### Given data

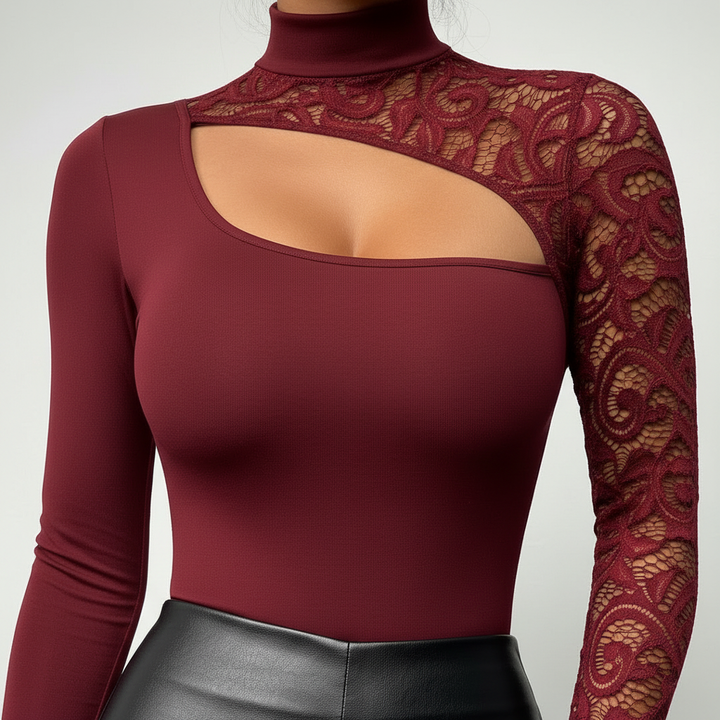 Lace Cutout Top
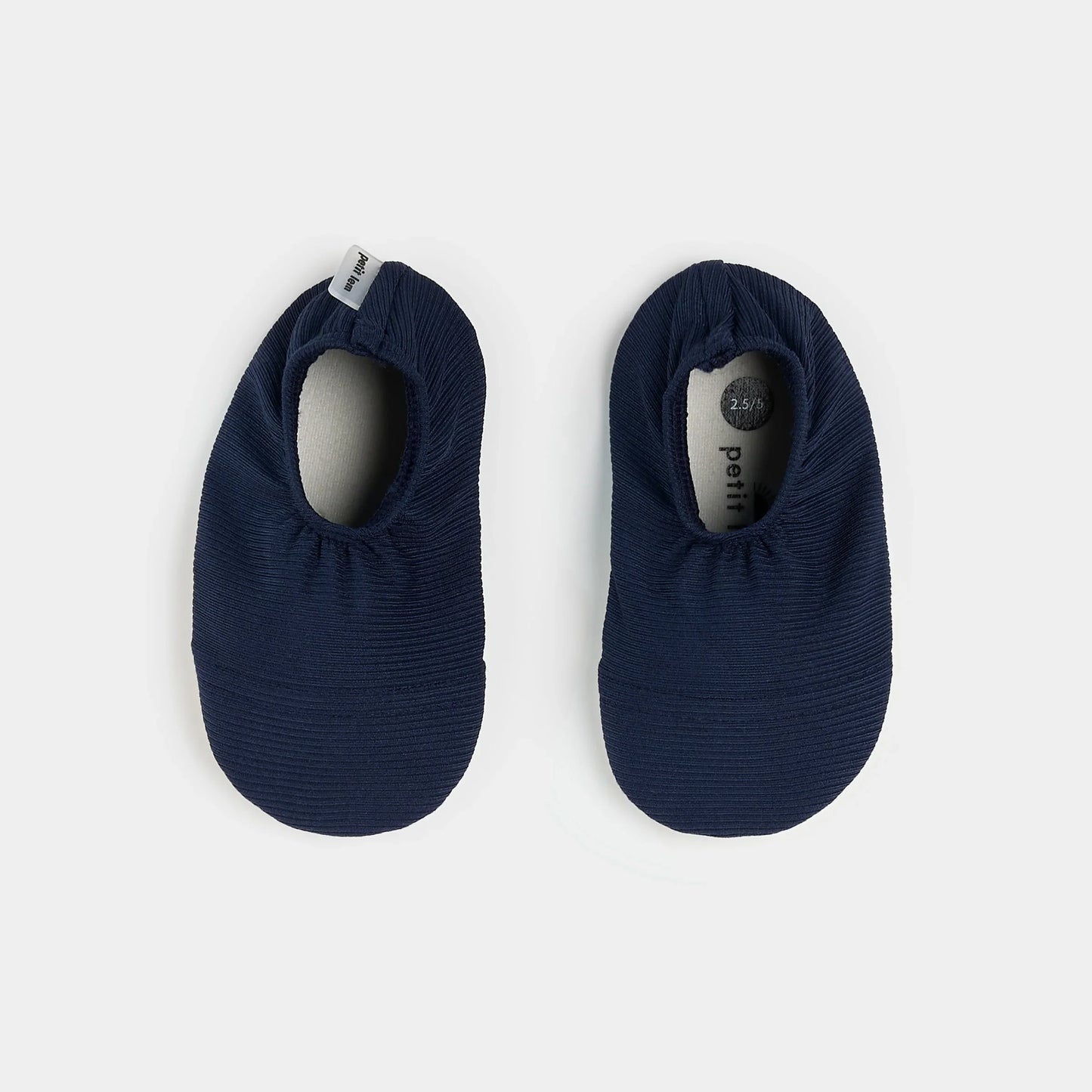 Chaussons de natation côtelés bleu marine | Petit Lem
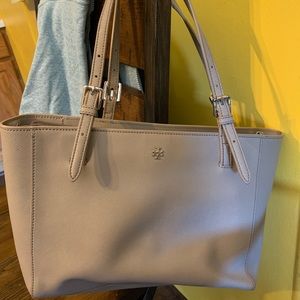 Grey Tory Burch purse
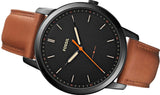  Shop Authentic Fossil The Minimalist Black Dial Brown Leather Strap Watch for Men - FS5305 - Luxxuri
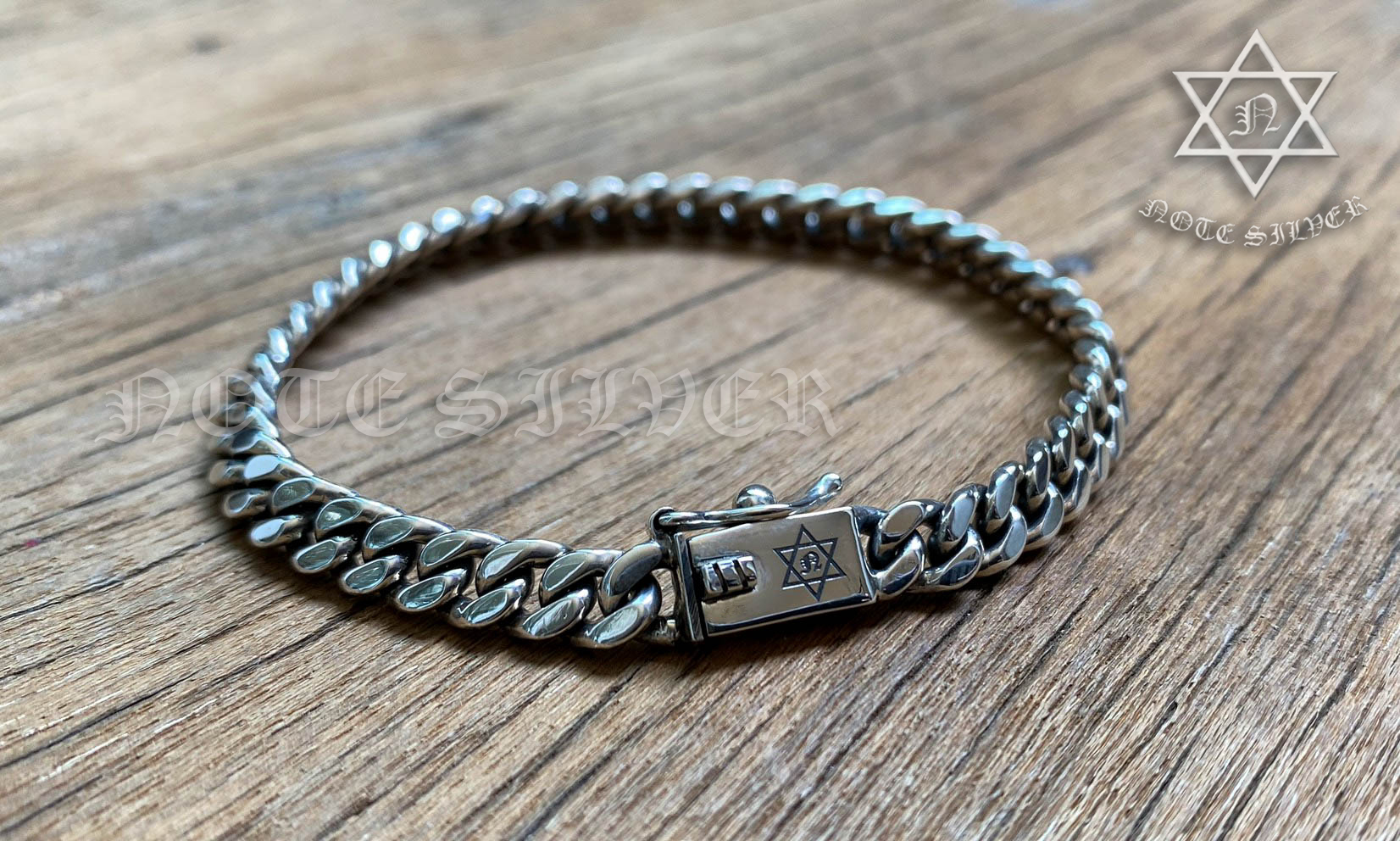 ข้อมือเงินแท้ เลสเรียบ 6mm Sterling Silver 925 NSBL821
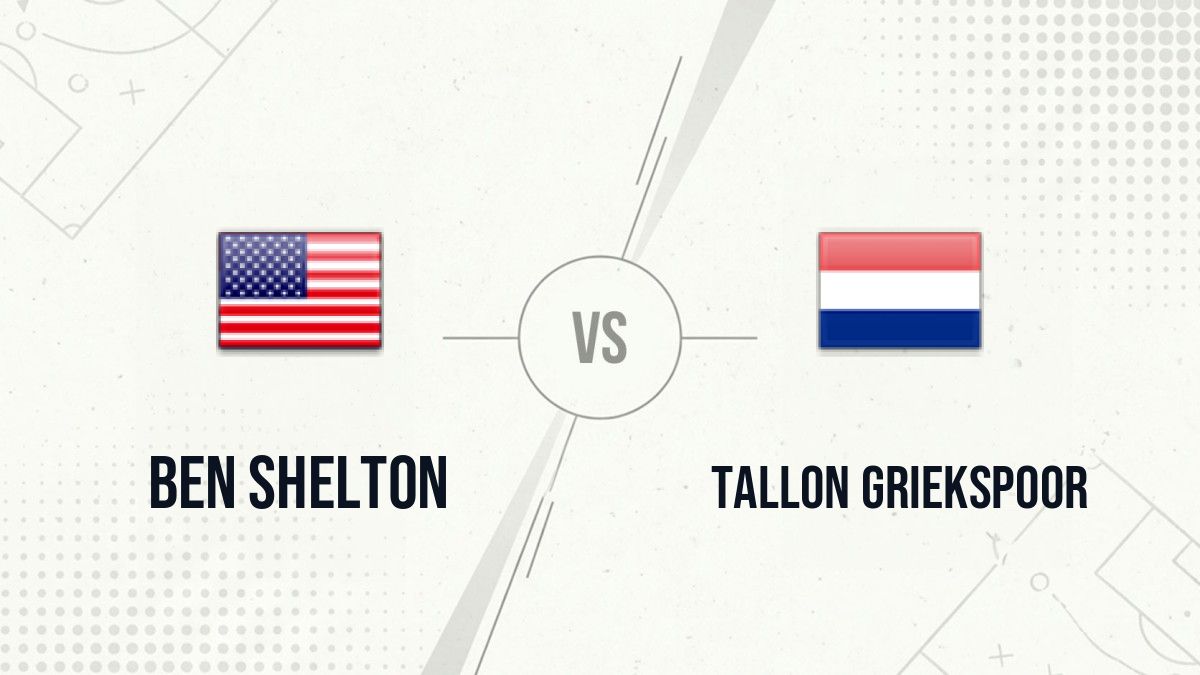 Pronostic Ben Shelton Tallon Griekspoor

### Assigned task
For this exercise, set down exactly the lines that run from the line holding "Chaussons de natation" to the last line of the records above; include both end lines and omit pictures.

### Output
 Chaussons de natation côtelés bleu marine | Petit Lem
 Grey Tory Burch purse
  Shop Authentic Fossil The Minimalist Black Dial Brown Leather Strap Watch for Men - FS5305 - Luxxuri
 ข้อมือเงินแท้ เลสเรียบ 6mm Sterling Silver 925 NSBL821
 Pronostic Ben Shelton Tallon Griekspoor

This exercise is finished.